In ogni caso, net zero significa che il raggiungimento del target può avvenire non solo con la riduzione delle emissioni ma anche attraverso la cattura della CO2, perfino direttamente dall’atmosfera (Direct Air Capture). Per farne cosa? Per produrre combustibili sintetici attraverso l’uso di elettricità (“combustibili elettrici”) con cui ottenere idrogeno (via elettrolisi) e combinarlo con la CO2 catturata (CCU-Carbon Capture and Utilization). In questo caso, quando l’elettricità è fornita da fonti rinnovabili ‘carbon free’ la CO2 emessa nella fase di utilizzo del combustibile sintetico è pari a quella catturata e l’intero ciclo sarà ‘carbon neutral’. Questo è un metodo con cui si possono ottenere quasi tutti i combustibili in uso (dal metano alle benzine e ai gasoli, dal metanolo al kerosene) e utilizzarli senza emissioni nette aggiuntive di CO2 con un mercato che è molto ampio. Si stima infatti una potenziale domanda in Europa pari a 30-50% dei consumi solo nel settore dei trasporti (ma gli efuel possono penetrare anche in altri settori, specialmente negli usi ‘hard to abate’).

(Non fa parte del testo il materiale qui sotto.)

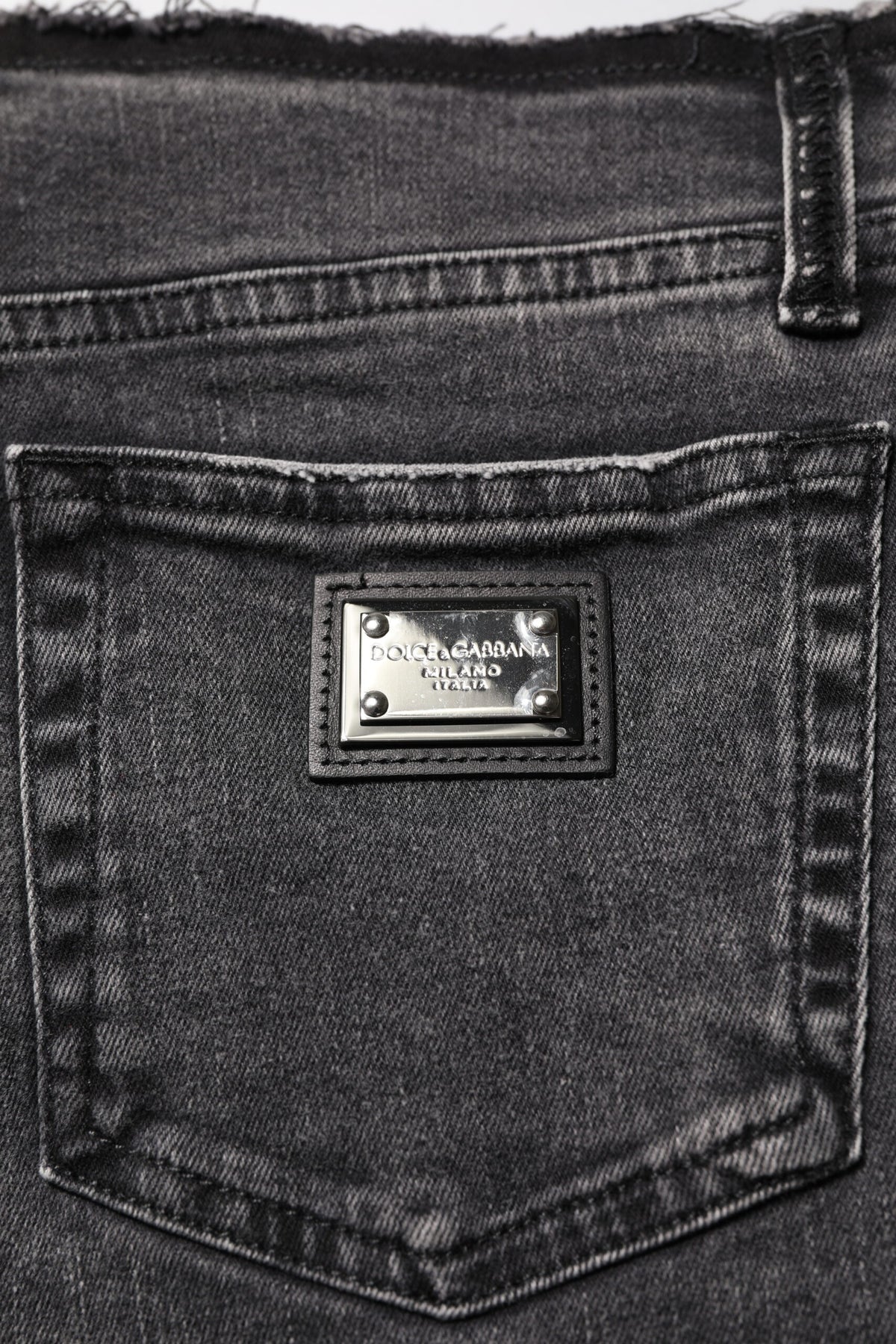 Dolce & Gabbana Women's Skinny Regular Fit Mid Rise Stretch Denim Cotton Jeans - Dark Gray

Tutto ciò non senza controindicazioni. In particolare, quando l’elettricità per produrre il combustibile sintetico è prelevata dalla rete elettrica centralizzata alimentata ancora in parte da centrali a fonti fossili, la produzione del combustibile potrebbe essere responsabile di un aumento delle emissioni nella fase di generazione elettrica e quindi non sarebbe totalmente carbon neutral. La neutralità carbonica si avrebbe invece se il parco elettrico fosse già completamente (o quasi) decarbonizzato o se la produzione elettrica da rinnovabili fosse interamente dedicata alla produzione del combustibile (senza possibilità di allocazione alternativa delle rinnovabili, cosa improbabile in molti paesi avanzati). 

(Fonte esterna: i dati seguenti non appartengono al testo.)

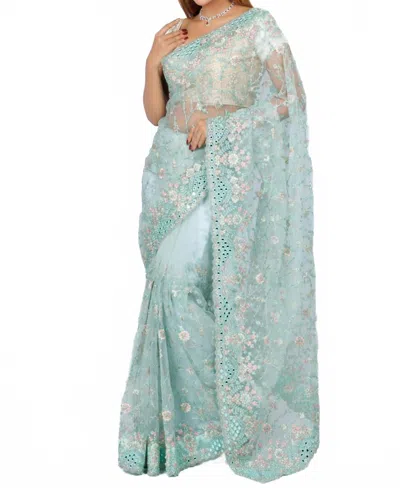 Zaalima Fashion Mint Green Hand-embroidered Organza Saree In Blue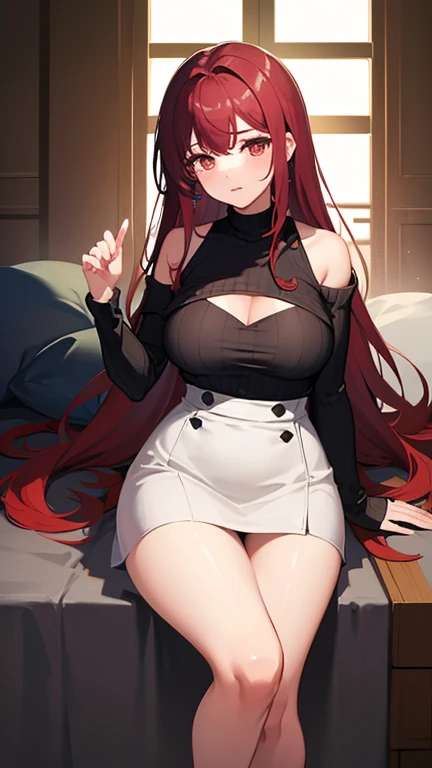 1girl, woman wearing bra, tight midi pencil skirt black, long length pencil skirt, modest skirt, long red hair, looking at viewer, full body, smile, blush, large bust, bedroom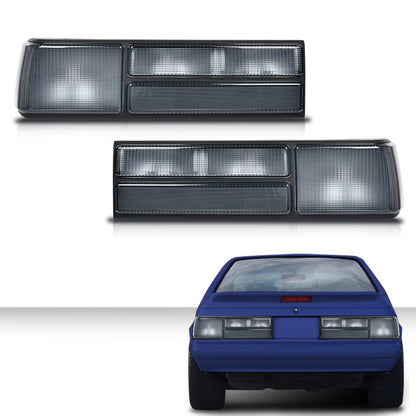 G-PLUS Taillights Taillamps Rear Brake Lights Left&Right w/o Bulbs Compatible with Ford Mustang 1987-1993,FO2800168, FO2801168 Smoky Lens Black Housing Faros Traseros Luces TraserasAssembly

Cosa fare allora? Un’idea potrebbe essere quella di importare i combustibili elettrici da quei paesi ove le risorse rinnovabili sono molto abbondanti, a basso costo e senza alternative di allocazione (rinnovabili pienamente dedicate). Per intenderci, i paesi del Nord Africa e del Medio Oriente (MENA), ma non solo. Nel frattempo, dedicare le rinnovabili domestiche alla decarbonizzazione del parco elettrico (una sorta di doppio dividendo ambientale). Ciò consentirebbe di ridurre i tempi di raggiungimento dei target di riduzione delle emissioni e al contempo di contenere l’accumulo di CO2 in atmosfera.

Però, con almeno due caveat. Primo, la tecnologia non è ancora pienamente matura (in special modo, quella per la cattura diretta della CO2 dall’atmosfera) e i costi di abbattimento sono ancora alti. Secondo, rimane il problema geopolitico delle importazioni di energia da paesi a possibile rischio politico. La questione etica della sottrazione di risorse in paesi in via di sviluppo, invece, è da ridimensionare: trattandosi di risorse rinnovabili non vi sarebbe il graduale esaurimento di risorse stock in quei paesi.

Dall’altro lato, i vantaggi sarebbero evidenti. Quelli ambientali, in precedenza sottolineati, ma anche quelli economici nella misura in cui questa catena di approvvigionamento consentirebbe di preservare le infrastrutture di trasporto, distribuzione e utilizzo già disponibili sia nei paesi di esportazione che in quelli di importazione (si pensi, in particolare, all’importazione di metano elettrico dai MENA usando le infrastrutture già esistenti per il gas naturale e senza la necessità di imporre il phasing out delle tecnologie di utilizzo già disponibili). 

In conclusione, una maggiore attenzione (anche politica) a questa soluzione forse consentirebbe di agevolare la transizione energetica (anche se si dovrebbe parlare più di rivoluzione che di transizione) e di rendere più realistici gli ambiziosi obiettivi di contenimento del global warming.